In an interview with Politico, two months after the ad debuted, Sanders advisor Tad Devine, attributing the original idea for the ad to fellow Sanders advisor Mark Longabaugh, said that this, the "best known" Sanders ad, worked so well because Sanders' wife, Jane, had seen an early cut and said: ‘Gee, I really love this, but when Bernie comes in it seems — you know, it loses a lot of altitude,’" causing the team to produce an ad that does not show Sanders making a speech until the final frame, and, thereby, an ad that shows the people Sanders is working for, not the candidate.

==Reception==
The New York Times pointed out that Bernie Sanders was 74 years old when the ad was released, the same age as Paul Simon and Art Garfunkel, and described the ad as "powerful" and "a love song to America." Rolling Stone called the ad "inspirational", The Hill called it "magnificent", Charlie Pierce said it was "just about the best political commercial I've ever seen", CNN praised it for being "so full of love, enthusiasm and patriotic uplift (complete with flag-waving) that it's downright goose bump-inducing", and Financial Times postulated that the ad would soften Sanders' "cantankerous, angry old man image."
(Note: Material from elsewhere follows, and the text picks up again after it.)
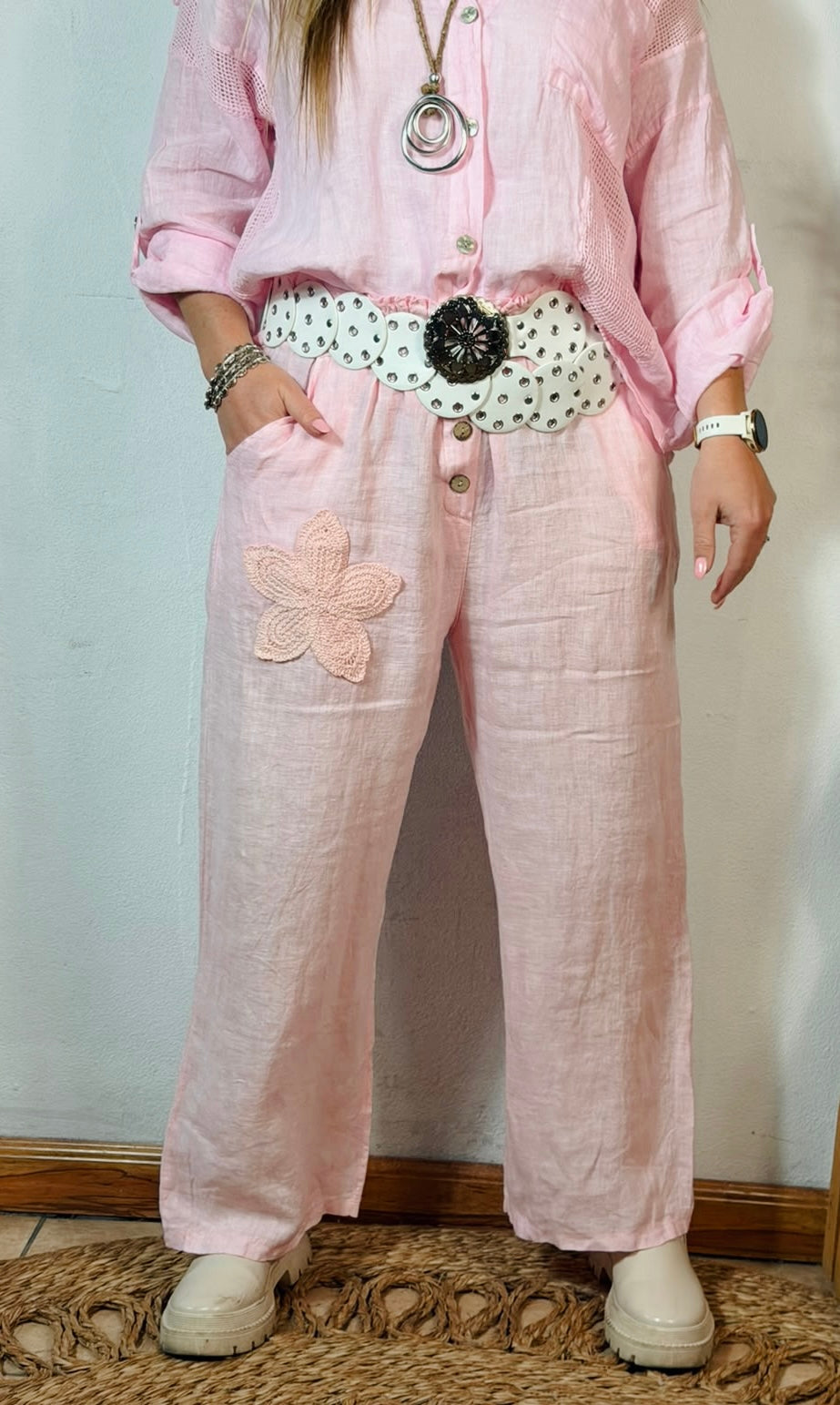 Embroided Linen Pants Pink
The New York Times discusses the ad as part of Sanders' insistence that he is leading not a campaign, but a "movement", and predicts that the ad will stand out in a year filled with campaign ads "cluttered with deep-voiced narrators delivering somber warnings, harsh attacks and swaggering boasts", contrasting it in particular with a Hillary Clinton campaign ad released the same week.

The ad, created to be shown in the early caucus and primary in Iowa and New Hampshire (predominantly white and rural states), was criticized for showing a mostly white, rural America, with Clinton supporter David Brock asserting the ad shows "black lives don't matter much to Bernie Sanders."

===Cultural impact===
The original version of the ad received a million views on YouTube within 24 hours of being posted there. It made the AdWeek list of top-ten most-watched advertisement for January 2016, and a panel put together by the magazine in late February describe it as the "most successful" ad in the Democratic campaign to date, attributing the success to the fact that it taps into "what people are feeling" and "concerns possibilities and optimism."

According to Amy E. Jasperson, who chairs the department of political science department at Rhodes College, the ad is powerful because "[t]he song starts out slowly while the ad shows individual images of small towns, urban landscapes, ordinary people, farmers, and families... as the song builds, the people are brought together. By the end of the ad and the song, the viewer hears and sees the crescendo of huge, cheering, unified crowds." According to Jaserperson, "the aspirational lyrics and tone also reference a common search for where people feel we should be going as a country... This ad suggests that Sanders can lead people to that answer."

Wired cites it as a leading example of the kind of alternative, online material that is proving more influential than traditional television ads in the 2016 campaign. While Bill McKibben cites it as evidence of why the impact of the Sanders campaign will "endure."